The degeneracy locus can be reducible, and even non-reduced. For instance, take $X= \mathbb{P}^2$ and consider a morphism

$\mathcal{O}(-2)^2 \stackrel{f} \to \mathcal{O}^2$.

$f$ is given by a $2 \times 2$ matrix of forms of degree $2$, so its degeneracy locus is a quartic curve. For a general choice of $f$ this curve will be smooth, but for special choice of the matrix it can become singular or even a double conic.

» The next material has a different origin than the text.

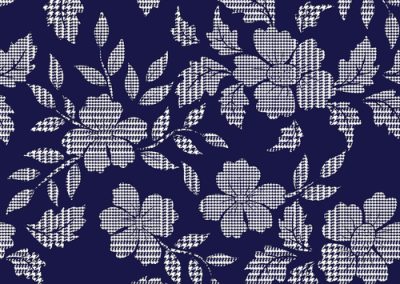 Fabrics - Fashion Patterns - 1277 Blue Floral Houndstooth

The best results I am aware of  can be found in Ottaviani's book "Varieta' proiettive di codimensione piccola" [projective varieties of small codimension, unfortunately I do not think an english translation is available].

Set

$D_k(f):=\{x \in X \; | \; \textrm{rank}(f_x) \leq k \}$

Then we have the following

**Theorem (of Bertini's type)**

Set $\textrm{rank}(E)=m$, $\textrm{rank}(F)=n$. Assume that $E^{*} \otimes F$ is globally generated. Then for the generic morphism $f \colon E \to F$, the locus $D_k(f)$ is either empty or it has the expected codimension $(m-k)(n-k)$, and the singular locus of $D_k(f)$ is contained in $D_{k-1}(f)$.

In particular, if

$\dim X < (m-k+1)(n-k+1)$

then $D_k(f)$ is smooth for a general choice of $f$.